Legal framework: In the final rule released on Oct. 20, 2011, CMS issued an interim final fraud and abuse waiver rule. This was intended to remove the existing legal impediments in the areas of fraud and abuse. FTC/DOJ did issue an antitrust guidance and clarifications for ACOs as well. The ACO organization must also ensure that it defines all its legal clarifications with its members as well as patients.
Technology considerations: As many of the health information exchange (HIEs) become increasingly available in new states and communities, they will serve as the vehicle that will allow many of the ACOs to achieve true health information exchange among its members. However, almost all ACOs will be required to invest capital toward an infrastructure that will enable: Data collection, collaboration tools, business intelligence platforms for reporting, hardware, connectivity and a technical support team that will oversee the ACO infrastructure.

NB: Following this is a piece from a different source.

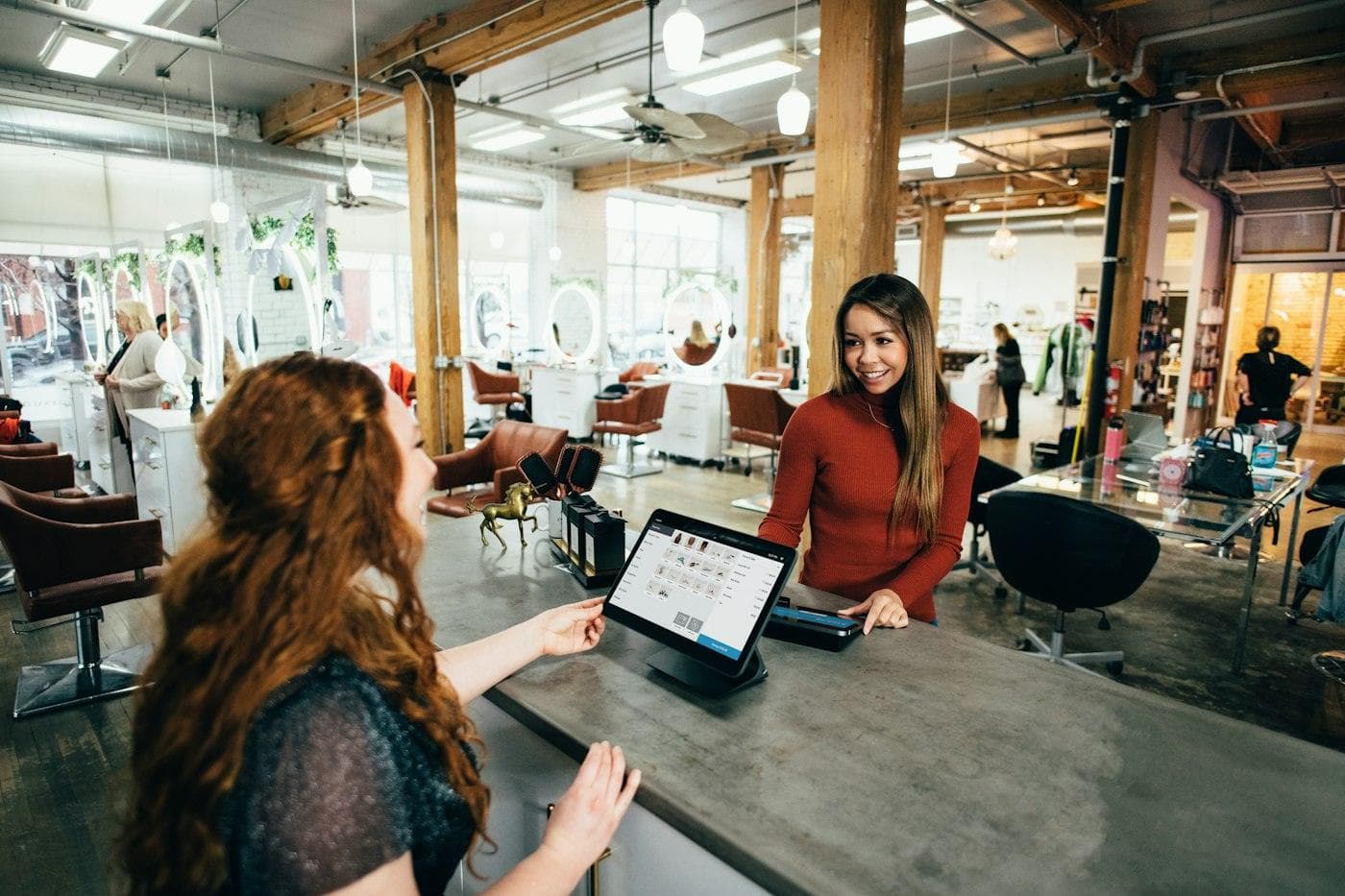 Commerce de quartier avec clientes au comptoir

Financial modeling: An ACO is intended to help health care physicians work as a group to improve patient care and reduce health care costs. But an ACO will need to first define the business model in order to be a successful and sustainable for collaborative work. This would require the definition upfront of how shared savings are literally shared amongst different participating members as well as how expenses are shared.
Care delivery: ACO members will become responsible for the complete care of patients. This will require health professionals to be in more contact with their patients and use effective ways to do so. Whether it is by using patient health monitoring devices or evisits to follow up with a patient who is at home, physicians will need to adapt to using these effective methods to communicate and be in touch with their patients.